## HOW TO COMPLETE THIS TASK
Reproduce the data in full, exactly as given, leaving images out.

[SOURCE DATA — start]

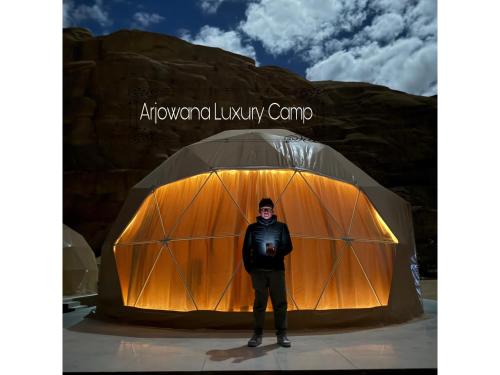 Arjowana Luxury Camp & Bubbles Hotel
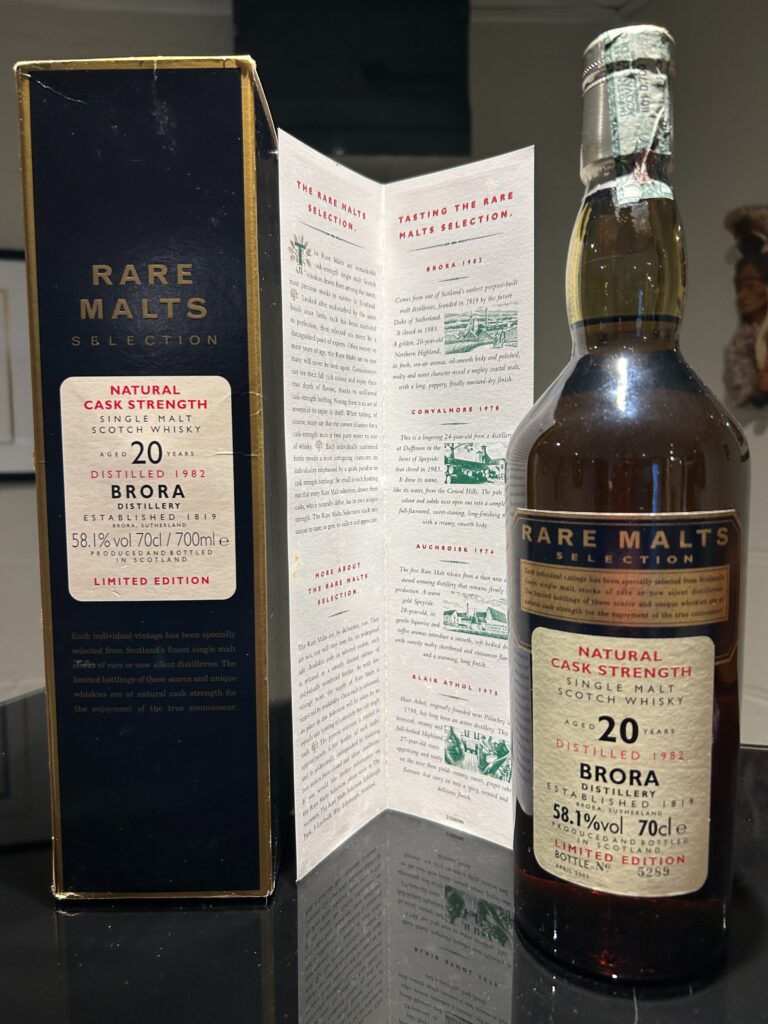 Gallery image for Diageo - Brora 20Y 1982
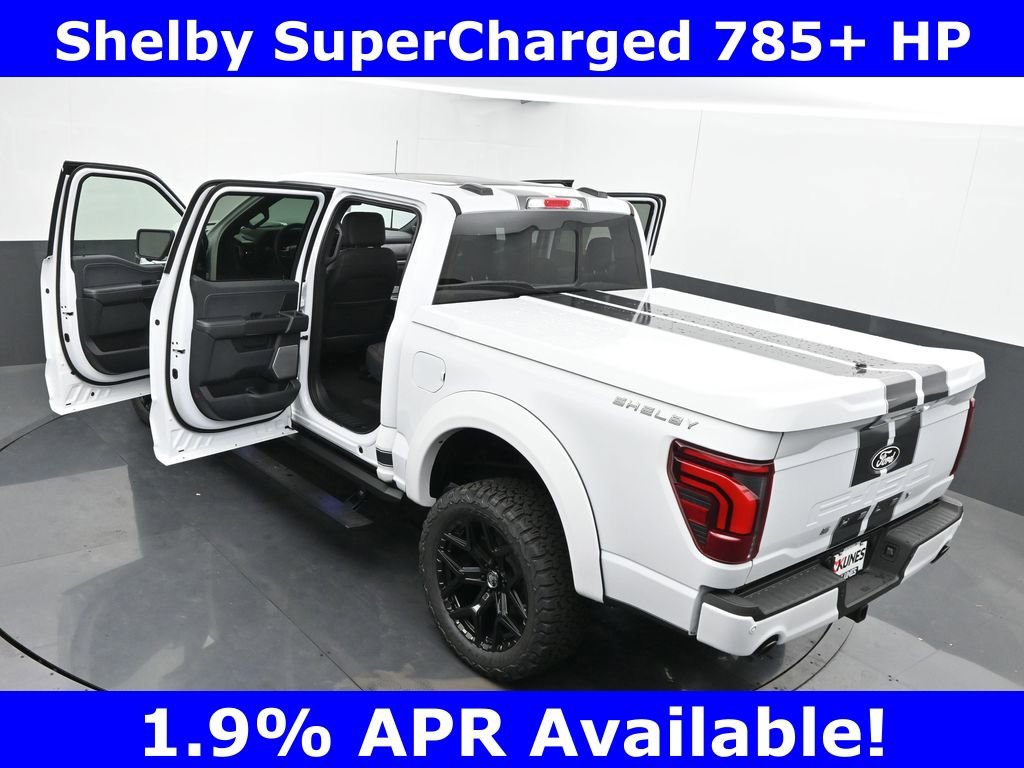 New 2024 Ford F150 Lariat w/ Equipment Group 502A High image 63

[SOURCE DATA — finish]

## OUTPUT FOR THIS EXERCISE
 Arjowana Luxury Camp & Bubbles Hotel
 Gallery image for Diageo - Brora 20Y 1982
 New 2024 Ford F150 Lariat w/ Equipment Group 502A High image 63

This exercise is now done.